Nit: Why *?  This makes it look a bit like get_cpu_fpsimd_context()
returns a pointer and you're saying something about dereferencing that
pointer here.

> + * is called.
> + *
> + * The double-underscore version must only be called if you know the task
> + * can't be preempted.
> + *
> + * __get_cpu_fpsimd_context() *must* be in pair with __put_cpu_fpsimd_context()
> + * get_cpu_fpsimd_context() *must* be in pair with put_cpu_fpsimd_context()
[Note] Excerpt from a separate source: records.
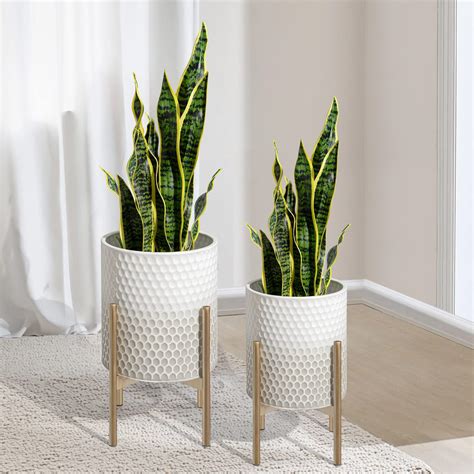 Indoor Flower Pots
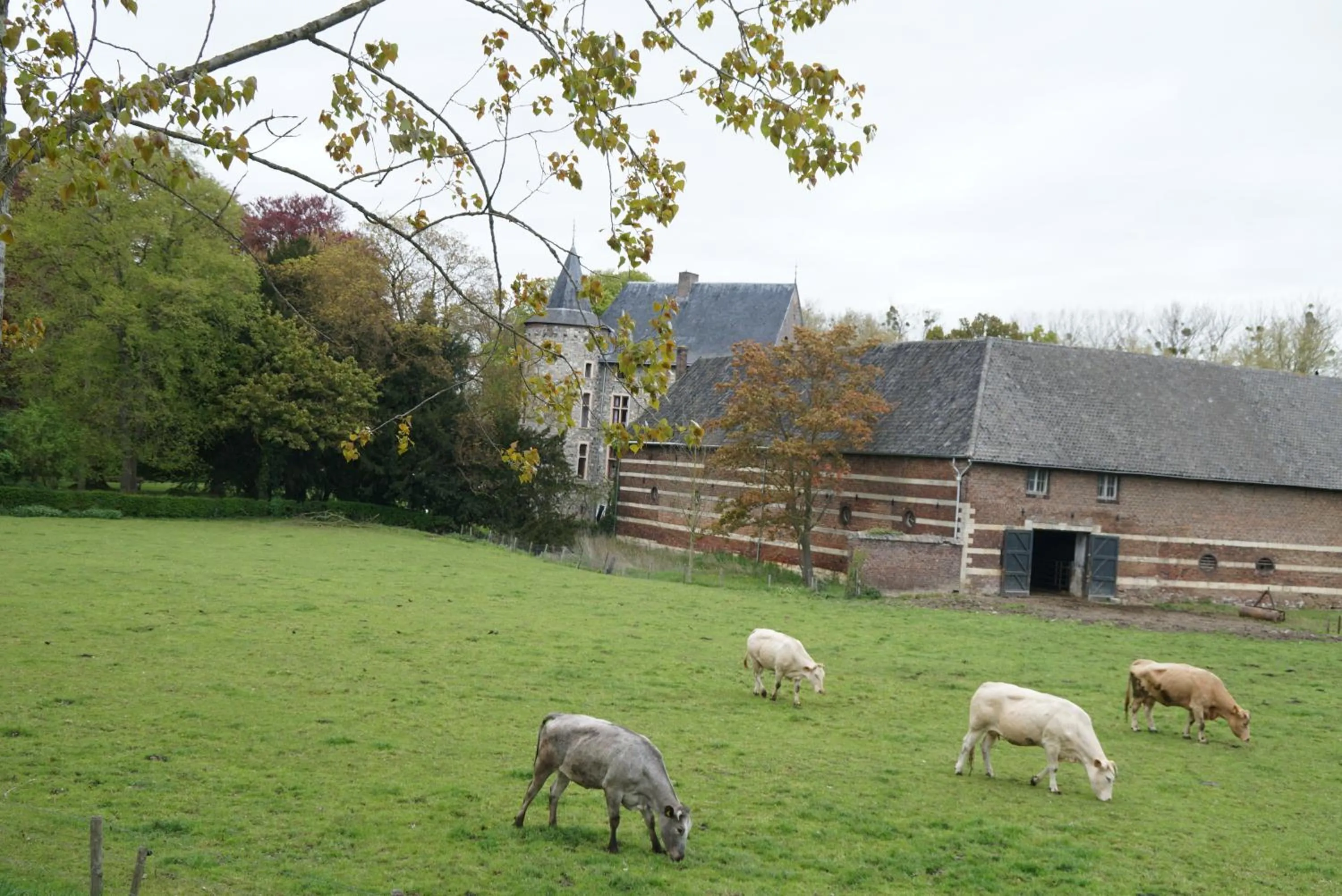 Off site in Hotel Bemelmans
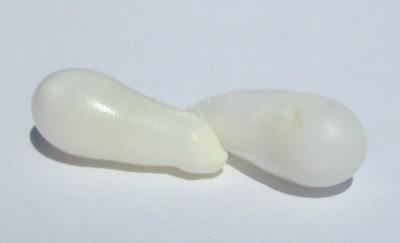 Two Long Drop Shaped Clam Pearls - 10 carats Total for Sale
"in pair" -> "paired with"?

I'd move each of these comments to be next to the function it applies
to.

> + */
> +static void __get_cpu_fpsimd_context(void)
> +{
> +	bool busy = __this_cpu_xchg(kernel_neon_busy, true);
> +

I don't mind whether there is a blank line here or not, but please make
it consistent with __put_cpu_fpsimd_context().

> +	WARN_ON(busy);
> +}
> +
> +static void get_cpu_fpsimd_context(void)
> +{
> +	preempt_disable();
> +	__get_cpu_fpsimd_context();
> +}
> +
> +/*
> + * Release the CPU FPSIMD context.
> + *
> + * Must be called from a context in which *get_cpu_fpsimd_context() was

Nit: Why *?

> + * previously called, with no call to *put_cpu_fpsimd_context() in the
> + * meantime.
> + */
> +static void __put_cpu_fpsimd_context(void)
> +{
> +	bool busy = __this_cpu_xchg(kernel_neon_busy, false);
> +	WARN_ON(!busy); /* No matching get_cpu_fpsimd_context()? */
> +}
> +
> +static void put_cpu_fpsimd_context(void)
> +{
> +	__put_cpu_fpsimd_context();
> +	preempt_enable();
> +}
> +
> +static bool have_cpu_fpsimd_context(void)
> +{
> +	return (!preemptible() && __this_cpu_read(kernel_neon_busy));

Nit: Redundant ()

> +}
> +
>  /*
>   * Call __sve_free() directly only if you know task can't be scheduled
>   * or preempted.
> @@ -221,11 +274,12 @@ static void sve_free(struct task_struct *task)
>   * thread_struct is known to be up to date, when preparing to enter
>   * userspace.
>   *
> - * Softirqs (and preemption) must be disabled.
> + * The FPSIMD context must be acquired with get_cpu_fpsimd_context()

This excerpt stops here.